Um em cada 10 posts saiu há algum tempo incríveis previsões do futuro de cientistas e escritores. Faltou o de Jules Verne, que em seu romance “A Ilha Misteriosa” de 1874 escreveu: “Um dia a água será usada como combustível. As moléculas de hidrogênio e oxigênio que o compõem podem fornecer um suprimento infinito de energia e luz, mais do que o carvão jamais poderia. E quando as reservas de carvão se esgotarem, usaremos a água para nos aquecermos."
Você percebe quanto tempo se passou? Um século e meio e ainda estamos aqui, com os combustíveis fósseis (que, no entanto, estão aparentemente na reta final). Contribuirá o gigantesco projecto de gasoduto “híbrido” desenvolvido por Portugal, Espanha e França?
BarMar: dos fósseis ao hidrogênio
Os governos de Espanha, Portugal e França eles vão construir o chamado Bar Mar, um gasoduto que vai de Barcelona a Marselha. É um substituto para o projeto inicial, Gato Médio, um gasoduto destinado a atravessar a França para fornecer gás aos países do norte. Após a mudança de rota do lado francês, nasceu um novo acordo de três vias para a criação de um gasoduto que inicialmente transportará gás fóssil normal, mas depois passará a transportar hidrogénio. O fim das obras não é esperado antes de 2026, segundo fontes francesas dizer que pode precisar chegar a 2030.

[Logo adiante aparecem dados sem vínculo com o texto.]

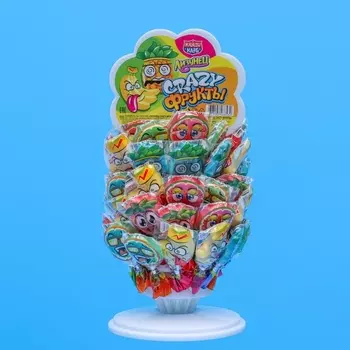 Карамель на палочке «Лизунец Crazy Фрукты» 15 г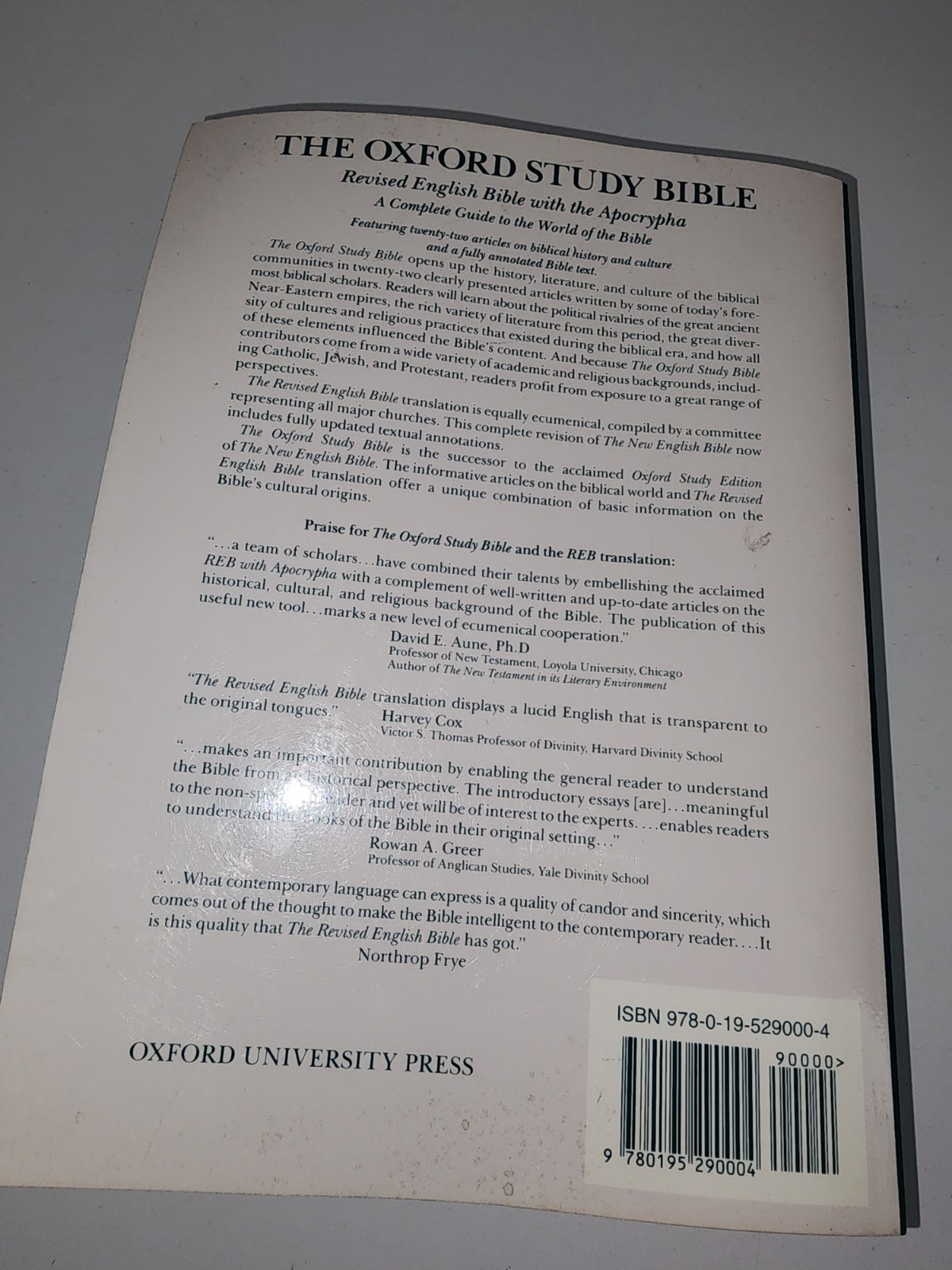 The Oxford Study Bible: Revised English Bible with the Apocrypha – paperback…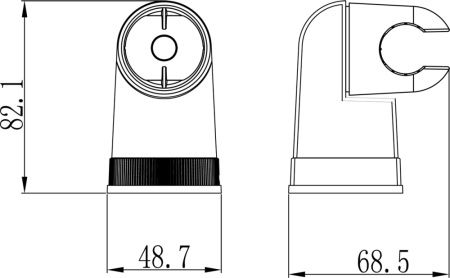 Держатель для душевой лейки Lemark LM8009C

O hidrogénio ainda pode revolucionar o mundo da energia: é um gás não poluente, o que o torna um elemento-chave na luta contra as alterações climáticas, porque o seu potencial para reduzir as emissões de CO₂ pode fazer uma grande diferença. No entanto, deve ser transformado numa forma utilizável antes que a energia possa ser extraída dele. E o seu processo de geração real pode exigir mais esforço do que a sua combustão oferece em troca.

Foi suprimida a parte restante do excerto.